MTD (Month to Date): returns a set of members from the date and time dimension, starting with the first date of the month up to the specified member.
YTD (Year to Date): returns a set of members from the date and time dimension starting with the first day of the year up to the specified member.
Remarks
In this section, numbers are meant as rough estimates rather than absolute truths.
Storing Temporal Types within the Datastore
Developer's choices regarding temporal types in the Datastore can have a strong impact on memory usage and performance.
The developer should consider using two columns, one for the LocalDate, and the other for the LocalTime. This will allow the dictionarization of the date field, and add some flexibility to the queries run against the pivot.
Let's imagine a banking system storing 8 years of trading history (and round this to 3000 days).
This represents 3000 differents LocalDate
objects, each of them being stored (roughly) as:
- one int for the year (32 bits)
- two shorts for the day and month (16 * 2 bits)
Let's also say that 10k trades are performed every day.
If the Date field is dictionarized, the impact on memory is negligible:
- 3000
LocalDate
objects stored on Heap, which amounts to less than 1 MBits. - 3000 * 10k = 30M trades stored Offheap, in Integer Chunks. These can be compressed in ActivePivot. For the dictionarized Date field, these can be compressed using 11 bits (the closest power of 2 = 4096). This very roughly amounts to 300 MBits.

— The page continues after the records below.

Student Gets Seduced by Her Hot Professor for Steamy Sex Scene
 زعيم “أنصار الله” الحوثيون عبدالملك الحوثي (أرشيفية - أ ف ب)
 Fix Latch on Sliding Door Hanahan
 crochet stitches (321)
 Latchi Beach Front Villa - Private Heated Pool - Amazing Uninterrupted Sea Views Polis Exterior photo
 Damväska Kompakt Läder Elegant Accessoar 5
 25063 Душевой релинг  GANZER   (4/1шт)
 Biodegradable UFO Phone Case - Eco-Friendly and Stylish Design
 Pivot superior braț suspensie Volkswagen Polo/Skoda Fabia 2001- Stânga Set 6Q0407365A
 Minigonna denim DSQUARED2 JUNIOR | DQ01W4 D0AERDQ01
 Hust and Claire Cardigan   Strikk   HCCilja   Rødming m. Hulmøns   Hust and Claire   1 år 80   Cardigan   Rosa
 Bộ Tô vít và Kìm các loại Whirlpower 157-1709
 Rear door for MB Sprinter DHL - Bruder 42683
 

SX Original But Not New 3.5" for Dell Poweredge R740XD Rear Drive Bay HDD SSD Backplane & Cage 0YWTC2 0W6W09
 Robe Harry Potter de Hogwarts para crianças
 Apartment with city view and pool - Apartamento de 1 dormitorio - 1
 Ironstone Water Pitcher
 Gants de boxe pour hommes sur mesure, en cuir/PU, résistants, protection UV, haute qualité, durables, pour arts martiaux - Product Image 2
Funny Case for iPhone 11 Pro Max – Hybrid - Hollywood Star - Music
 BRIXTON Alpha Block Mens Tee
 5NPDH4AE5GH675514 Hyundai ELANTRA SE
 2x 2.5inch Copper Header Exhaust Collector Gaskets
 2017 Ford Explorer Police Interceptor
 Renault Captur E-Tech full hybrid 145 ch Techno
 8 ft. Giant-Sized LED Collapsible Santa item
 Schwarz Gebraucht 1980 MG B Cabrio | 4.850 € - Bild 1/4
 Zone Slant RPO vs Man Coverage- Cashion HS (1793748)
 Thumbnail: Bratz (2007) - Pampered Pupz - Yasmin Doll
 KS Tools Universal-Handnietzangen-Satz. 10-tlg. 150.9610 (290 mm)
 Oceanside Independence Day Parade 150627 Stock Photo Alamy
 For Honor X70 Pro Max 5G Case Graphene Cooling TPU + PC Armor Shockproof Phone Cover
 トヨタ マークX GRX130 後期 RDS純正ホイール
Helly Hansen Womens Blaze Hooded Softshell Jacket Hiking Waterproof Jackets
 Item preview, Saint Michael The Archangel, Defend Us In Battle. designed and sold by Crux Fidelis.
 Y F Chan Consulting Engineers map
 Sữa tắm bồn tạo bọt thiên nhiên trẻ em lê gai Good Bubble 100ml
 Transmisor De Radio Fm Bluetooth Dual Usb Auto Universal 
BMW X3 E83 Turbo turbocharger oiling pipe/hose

If the Date field is not dictionarized, one LocalDate
object is stored for each trade. That is 30M
LocalDate
objects stored in Object Chunks on Heap, for about 1.7 GBits total.
Now let's imagine that these trades are recorded with LocalDateTime
objects instead, with
precision to the second.
These objects each contain a LocalDate
(64 bits) and a LocalTime
, stored roughly as:
- three bytes for the hour, minute, second (8 * 3 bits)
- one int for the nanoseconds (32 bits) That amounts to 64 + 32 + 24 = 120 bits per temporal marker.
Following the same calculations, if the Date field is not dictionarized, that is 30M LocalDateTime
objects, stored similarly as before, for about 3.3 GBits of On Heap object Chunks.
Indexing this field would represent a grave mistake: the chances that two trades are performed at
the same second are small, and the index would be a 1 to 1 mapping between the LocalDateTime
objects stored on Heap (3.3 GBits again), and the bitmap (which has no value), stored OffHeap,
in Double Chunks (as we would index more than Integer.MAX_VALUE
objects).
These numbers might sound small, but they tend to be bigger in real life projects, with simulation data, and so on. They still illustrate how indexes can free Heap Memory in ActivePivot, which is intensively used at querying time. Offheap management is one of ActivePivot's strong points.
If needed, one can use two fields, one for a LocalDate, and one for a LocalTime, and only index the date.